» **EXERCISE DESCRIPTION**
Your answer must be only the lines below from the one containing "Interior design of" through the one containing "Anabolic Warfare Creatine", copied exactly, with the pictures left out.

» **SUPPLIED ENTRIES**

====================

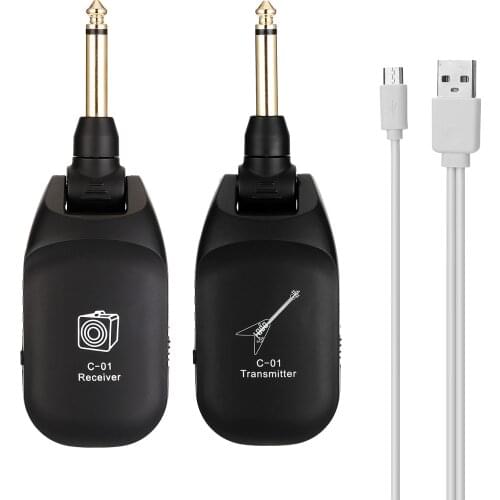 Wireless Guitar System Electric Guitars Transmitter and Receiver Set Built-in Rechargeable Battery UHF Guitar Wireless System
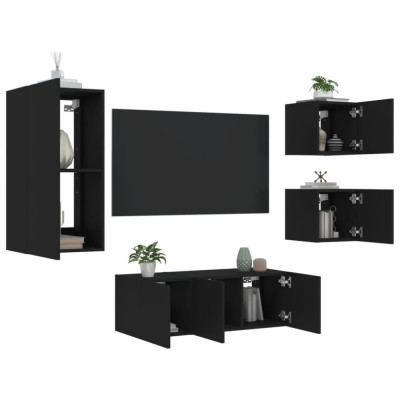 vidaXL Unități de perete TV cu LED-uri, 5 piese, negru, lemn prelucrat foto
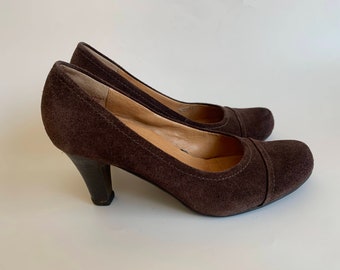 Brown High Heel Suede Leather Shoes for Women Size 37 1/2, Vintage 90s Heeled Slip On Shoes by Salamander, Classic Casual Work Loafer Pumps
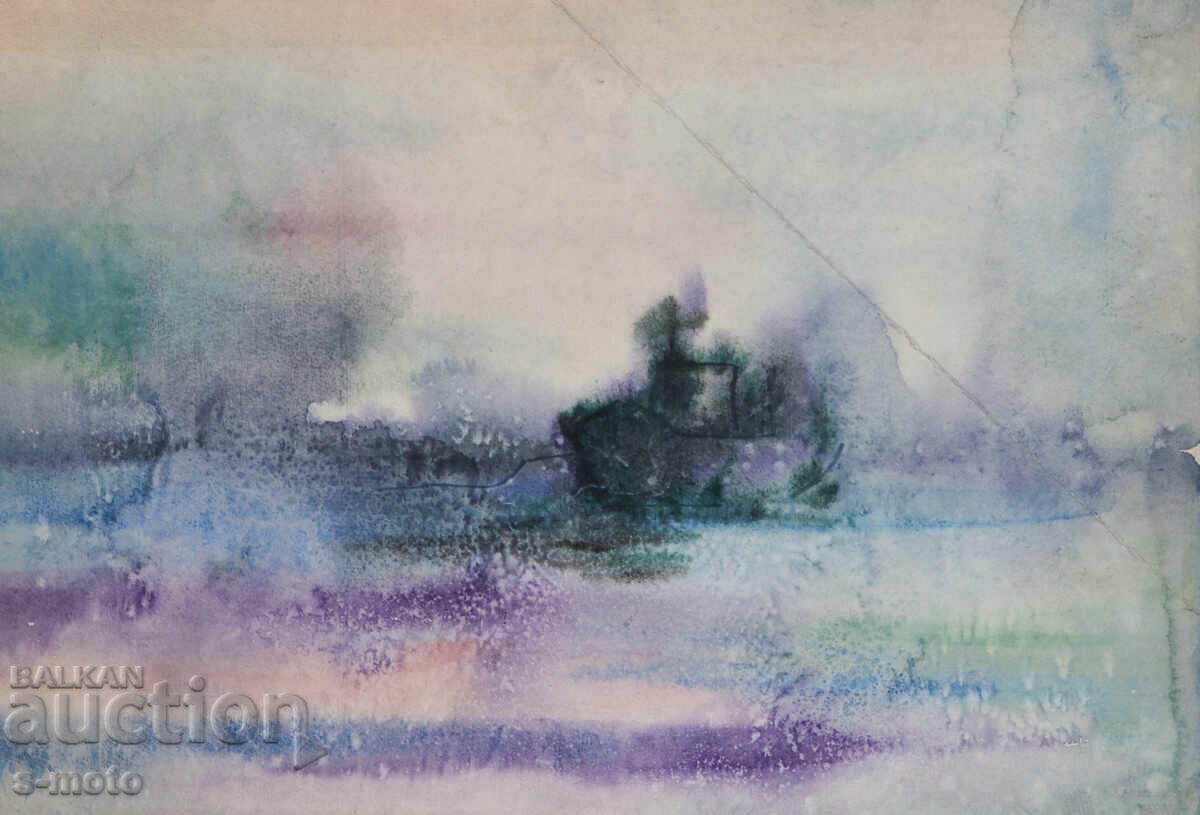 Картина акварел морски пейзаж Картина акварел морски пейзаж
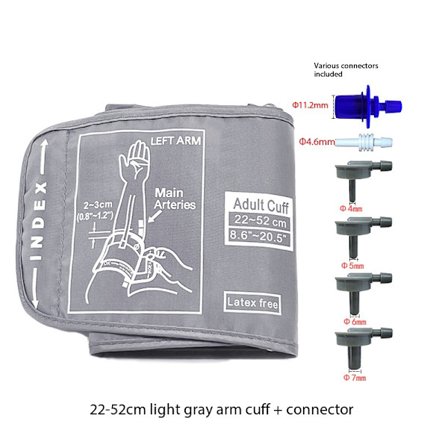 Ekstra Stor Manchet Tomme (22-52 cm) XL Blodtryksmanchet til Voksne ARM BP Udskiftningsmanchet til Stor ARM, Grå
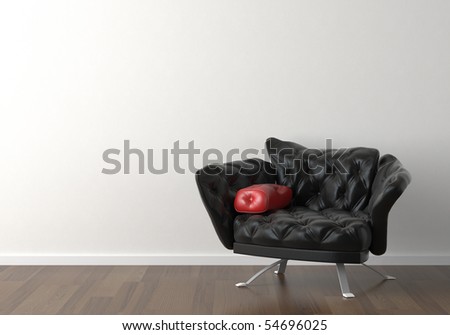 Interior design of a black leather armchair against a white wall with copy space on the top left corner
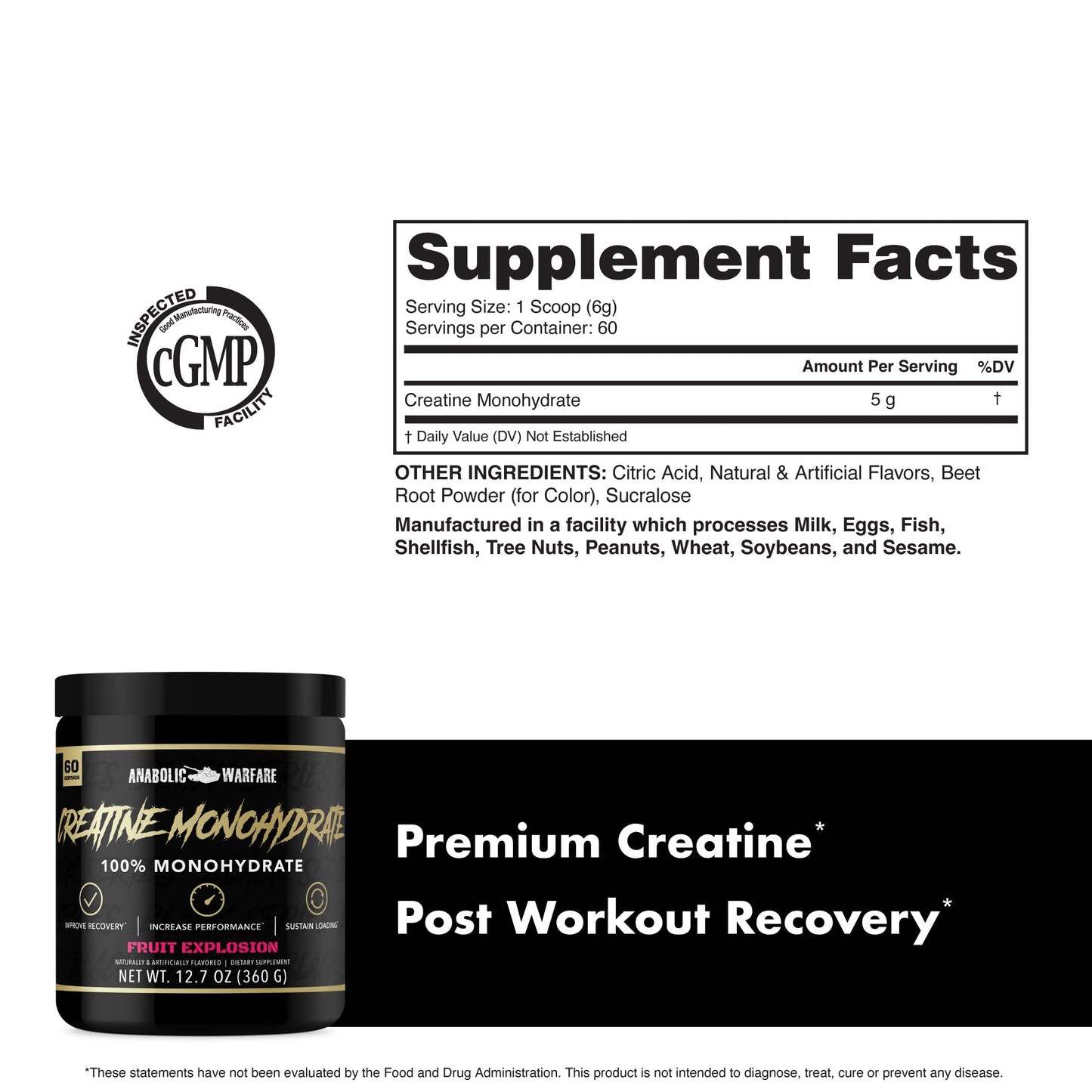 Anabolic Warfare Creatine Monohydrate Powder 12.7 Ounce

====================

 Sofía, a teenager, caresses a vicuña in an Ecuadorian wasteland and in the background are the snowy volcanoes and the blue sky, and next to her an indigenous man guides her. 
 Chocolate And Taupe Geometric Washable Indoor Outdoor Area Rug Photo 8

====================

» **OUTPUT FOR THIS TASK**
 Interior design of a black leather armchair against a white wall with copy space on the top left corner
 Anabolic Warfare Creatine Monohydrate Powder 12.7 Ounce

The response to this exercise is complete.